Find how many lines in the listing below include the word "FREE". Give that number only.

== Dataset ==

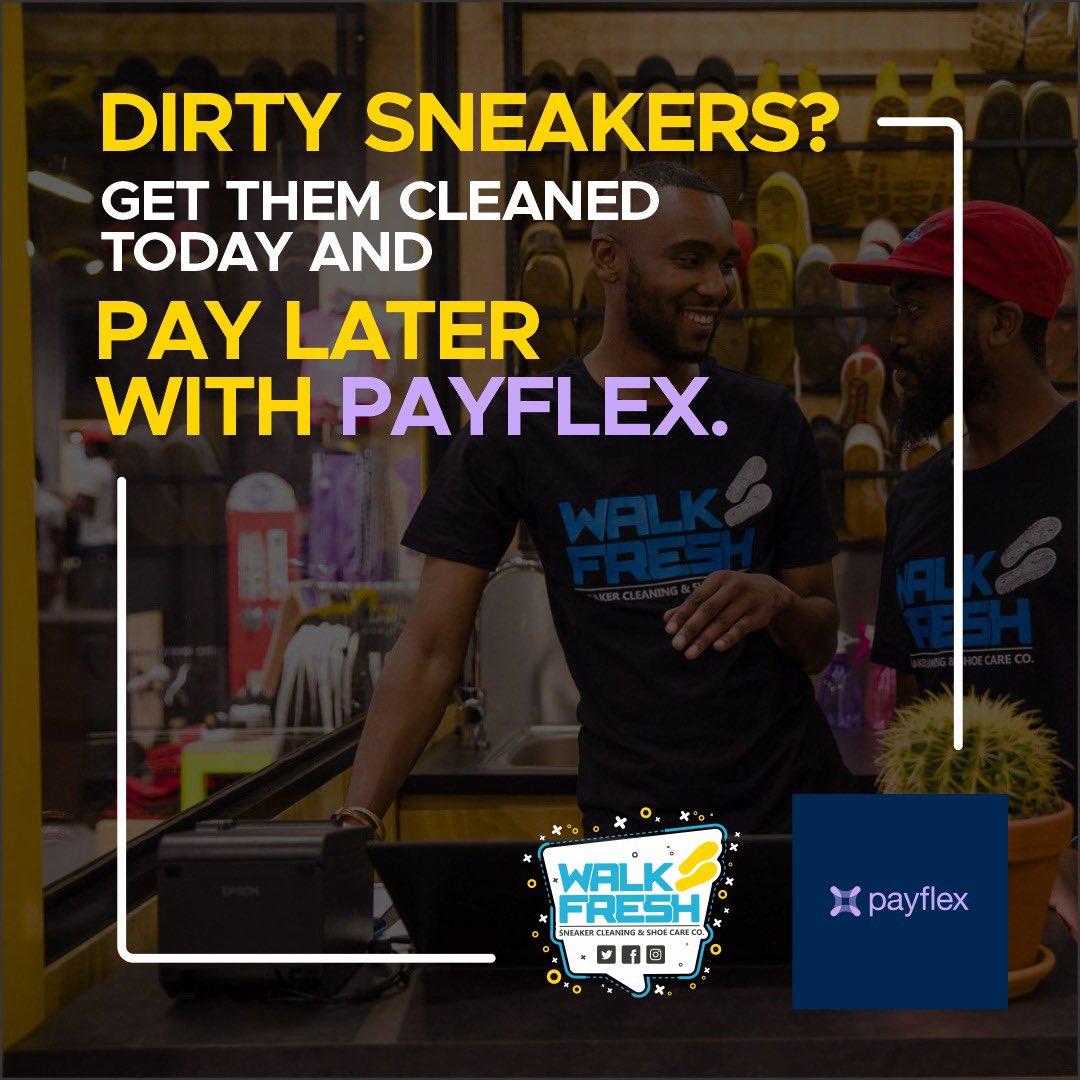 WalkFreshSA's tweet image. January feels like 2months to all of us. This is why we have teamed up with @PayflexZA 😃

1. Go to our website (ww.walkfresh.co.za)
2. Book a FREE pickup for your dirty sneakers.
3. Choose PAYFLEX as your payment option.

WALK FRESH today &amp;amp; pay later. 
No FREE! #WalkFresh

===

» **Finished task**: 2